Nella Rocca di Soragna, ad esempio, l’aria va davvero bene per i vivi, i proprietari e i visitatori, ma anche per i morti: il fantasma di Cassandra Marinoni che ancora si agita nel castello.
A Diolo, invece, in una chiesetta sconsacrata in mezzo alla campagna, con tanto di torre campanaria e salice centenario piantato davanti, è ospitato il Centro del Boscaccio – Museo Giovannino Guareschi, da cui il primo curatore e fondatore, Cesare Bertozzi, lancia il grande messaggio da iscrivere nella ratio d’una vera capitale italiana della cultura: “Beh, facevo il muratore, ma sin da bambino mi piaceva leggere e cercavo sempre di leggere qualcosa, ma dopo una giornata di lavoro era dura concentrarsi su una storia. Ma un giorno ho letto “Il Candido” e le storie di Don Camillo che stavano sul giornale erano della lunghezza giusta. Riuscivo sempre a finirle prima di prendere sonno. A un certo punto mi son ritrovato con sotto al letto dieci anni di numeri del giornale e tutti i libri di Don Camillo. Tutta roba che non avrei mai creduto, ma ero riuscito a leggere. Così un giorno, visto che sono andato in pensione, ho pensato di raccogliere tutto quello che avevo di Guareschi e metterlo qua dentro. E’ una specie di ringraziamento a Giovannino per quello che ha fatto per me”.
Infine, al termine della Strada provinciale 11, esplode il vero centro culturale di tutto ciò che c’è intorno, Parma inclusa. Lì sorge il borgo delle Roncole, una frazione di Busseto, dove, una dirimpetto all’altra, stanno due case: la casa natale di Giuseppe Verdi e la casa della famiglia Guareschi. Non più di venti metri separano due dimore così tanto fondanti nella cultura italiana e, al tempo stesso, così tanto radicate nella Bassa Parmense. Sia per il musicista che per lo scrittore il centro dell’attività era la Grande Milano, ma tutti e due scelsero di tenere la casa di famiglia nei luoghi dov’erano cresciuti.
Certo, Verdi per dispetto attraversò l’Ongina e diventò piacentino e anche un poco milanese, con i cittadini della Grande Città che al termine della prima del “Falstaff” staccarono per l’entusiasmo i cavalli della sua carrozza e la trascinarono a braccia dal Teatro Alla Scala sino al Grand Hotel de Milan, ma fino all’ultimo il Maestro ripeté con forza: “Sono stato, sono e sarò sempre un paesano delle Roncole”.
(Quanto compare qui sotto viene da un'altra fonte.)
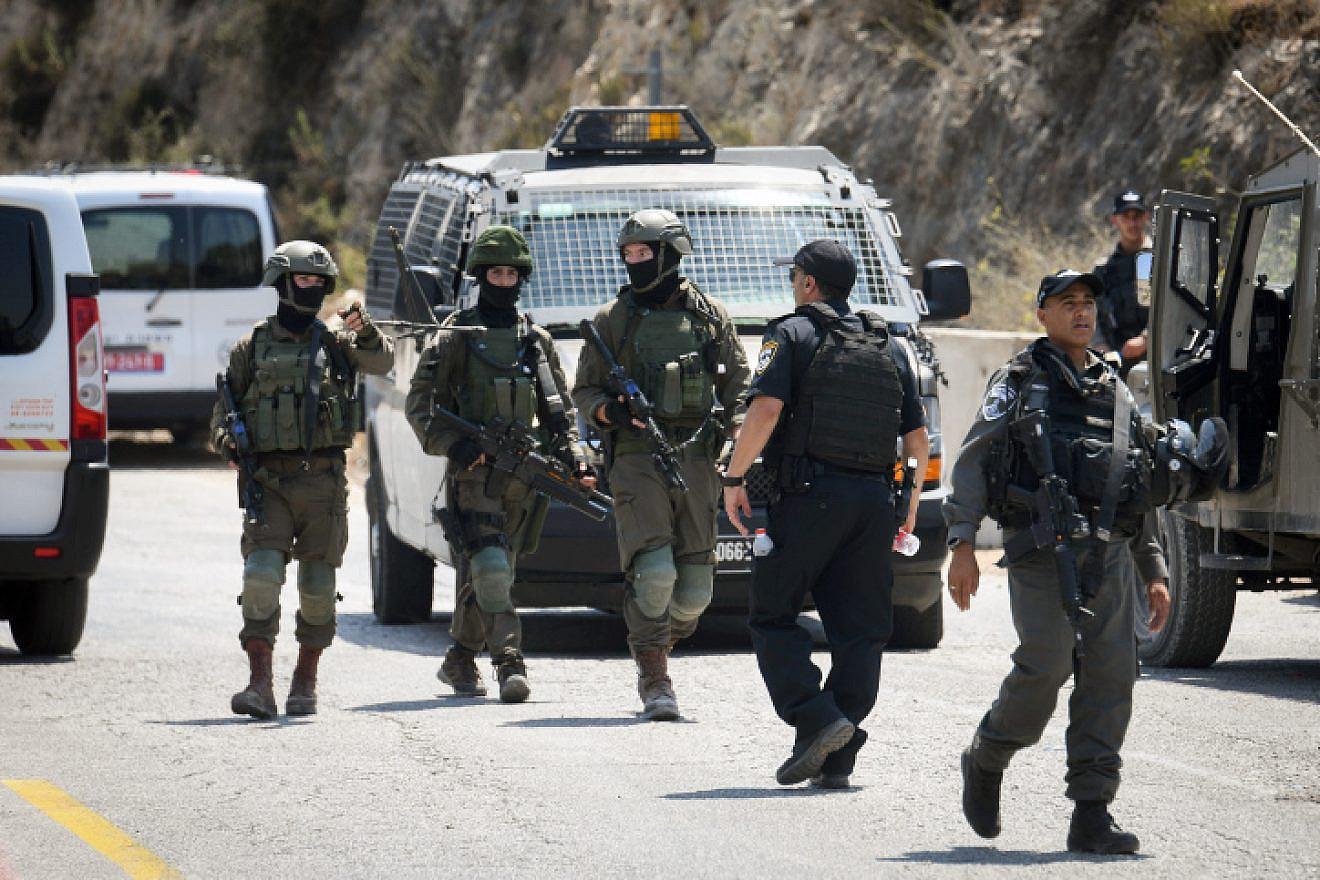 Israeli security personnel at the scene of a terrorist attack near Danny Spring (Ein Bubin), in the Binyamin region of Samaria, Aug. 23, 2019. Credit: Flash90.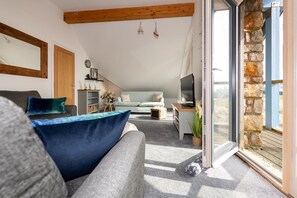 TV, DVD player - Niwl y Môr : Stylish 3‑Bed Beachfront Home with Sea Views in Rhosneigr | Managed by Anglesey Holiday (Rhosneigr)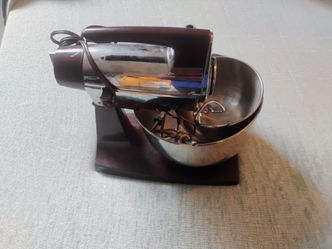 Sunbeam electric mixer
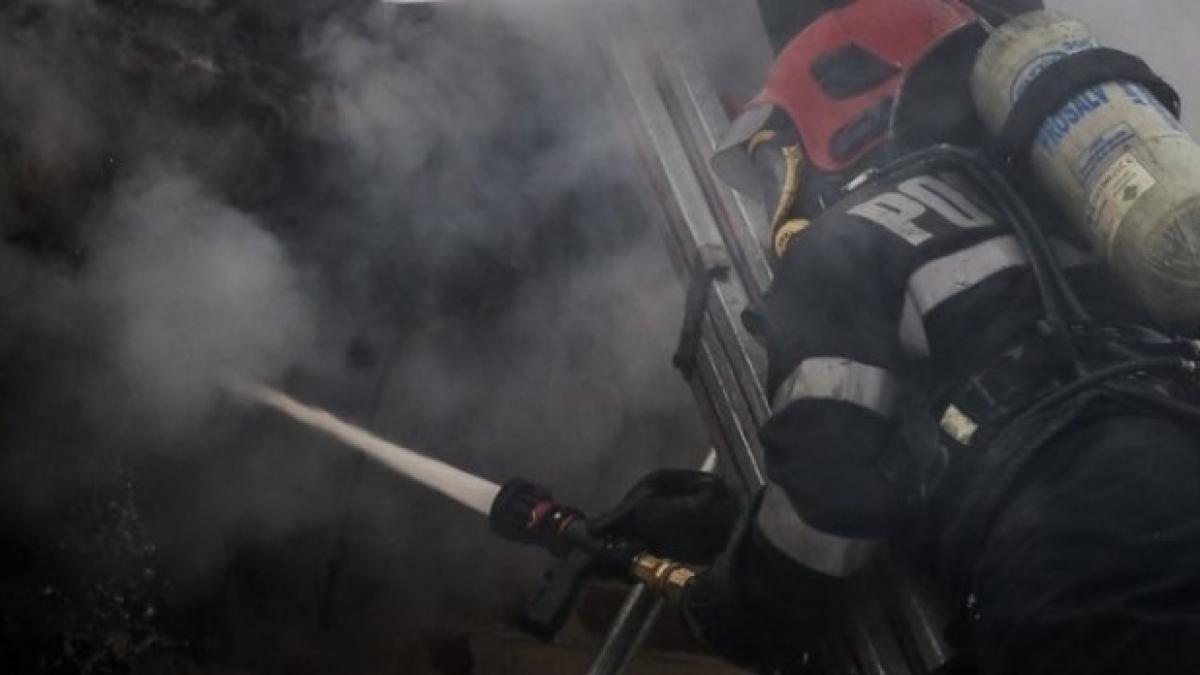 incendiu puternic in portul constanta trei marinari raniti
Giovannino invece è ancora là, sepolto nel cimitero della chiesa di San Michele Arcangelo, dove Giuseppe Verdi è stato battezzato e dove si conserva l’organo dei suoi studi giovanili.
Ma non è tutto, appena più avanti, lungo via della Processione alle Roncole, c’è una trattoria che ha voluto mantenere la facciata originaria, com’era prima di essere un locale, e l’insegna nero su bianco strilla: Casa del Popolo. Non molto distante, poi, ci si imbatte nell’impressionante neoclassicismo della Corte delle Piacentine, dove Bernardo Bertolucci girò gran parte di Novecento.
Ancora, ma forse non ultima circostanza, può accadere che alcune strade delle Roncole siano interrotte perché, nell’unica isola verdiana della provincia di Parma, in mezzo alla campagna della Bassa profonda, una troupe di tecnici sta alacremente montando i giganteschi scenari dell’Aida per un allestimento dell’opera proprio dove tutto cominciò: in un chilometro quadrato di Mondo Piccolo.
“Questa è la Bassa. Questo è il Mondo Piccolo. La terra dove c’è gente che non battezza i figli e bestemmia non per negare Dio, ma per far dispetto a Dio. E sarà lontana quaranta chilometri o meno dalla città, ma, nella pianura frastagliata dagli argini, dove non si vede oltre a una siepe o al di là di una svolta, ogni chilometro vale per dieci. E la città è roba di un altro mondo”.